Though Morley was flung over the cliff, and though the turf which he grasped gave way, so that he actually fell into the yawning gulf below, he was not fated to perish.
But before the turf parted in his despairing grasp, poor Morley lived a lifetime, as it were, of keen agony.
He knew the profundity of the awful abyss that yawned in blackness far down beneath him, and he heard the roaring of the fierce waves, that leaped and boiled as if impatient of their prey.
The chine we have stated as being about 400 feet in height; its depth, to the bottom of the sea, we have no means of knowing, the foundation of its rocks being far below where mortal eye can fathom.
After the name of Ethel escaped him, he had no power to utter another cry, for the terrible expression which he read in the malignant face of Hawkshaw, while standing safely on the brink above, paralysed him, and he remained silent—but silently desperate, in his wild and despairing attempts to raise himself up, and to regain a footing on the cliff; but he had no purchase (to use a mechanical term); thus, while clinging by his hands, his feet and knees scraped fruitlessly on the hard face of the basaltic rocks.
Mechanically, too, he moved his body, as one who, in sleep, dreams, and is afraid of falling.
He felt the turf rending, the last clutch of life parting, by the very efforts he made to save it.

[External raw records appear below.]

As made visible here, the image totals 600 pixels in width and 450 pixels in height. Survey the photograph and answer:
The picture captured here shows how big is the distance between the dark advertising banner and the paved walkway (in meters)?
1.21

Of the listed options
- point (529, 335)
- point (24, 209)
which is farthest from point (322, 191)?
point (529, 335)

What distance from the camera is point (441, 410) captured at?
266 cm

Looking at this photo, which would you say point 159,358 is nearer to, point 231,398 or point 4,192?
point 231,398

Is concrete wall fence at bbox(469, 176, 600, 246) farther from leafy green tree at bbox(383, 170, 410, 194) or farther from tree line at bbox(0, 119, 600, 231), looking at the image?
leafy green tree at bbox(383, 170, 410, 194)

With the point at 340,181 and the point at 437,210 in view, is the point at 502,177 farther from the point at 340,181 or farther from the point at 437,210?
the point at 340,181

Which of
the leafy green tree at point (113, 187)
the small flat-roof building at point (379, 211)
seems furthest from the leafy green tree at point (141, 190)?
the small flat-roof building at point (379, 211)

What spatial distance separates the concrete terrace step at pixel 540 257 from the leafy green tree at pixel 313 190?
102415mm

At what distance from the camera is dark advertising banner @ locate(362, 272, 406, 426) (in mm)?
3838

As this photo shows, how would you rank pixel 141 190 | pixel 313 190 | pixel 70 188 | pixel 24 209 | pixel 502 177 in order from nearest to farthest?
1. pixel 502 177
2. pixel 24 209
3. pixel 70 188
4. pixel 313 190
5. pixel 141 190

Then a blindness seemed to come upon him—a mist, through which the form of Hawkshaw seemed dilated to colossal proportions, towering between him and the sky like a destroying angel, while the roaring of the sea beneath seemed to fill all space, as with the roll of thunder.
Bead-drops of agony oozed upon his icy brow, while despair and the terror of death were in his heart, and though the whole episode lasted little more, perhaps, than a single minute, Morley Ashton lived, as we have stated, a lifetime of agony!
The turf gave way! a sigh—it seemed his parting soul—escaped him; he fell, and vanished from the eyes of Hawkshaw.
But Heaven had ordained that the poor lad was not to perish. About thirty-five, perhaps forty feet below the verge of the chine, there extends a ledge or abutting piece of rock, about five feet broad, and eight or ten feet long, so far as the eye may judge of it from the seaward, as mortal hand has never measured it; and on this natural shelf he fell heavily, and almost senseless by emotion and the shock.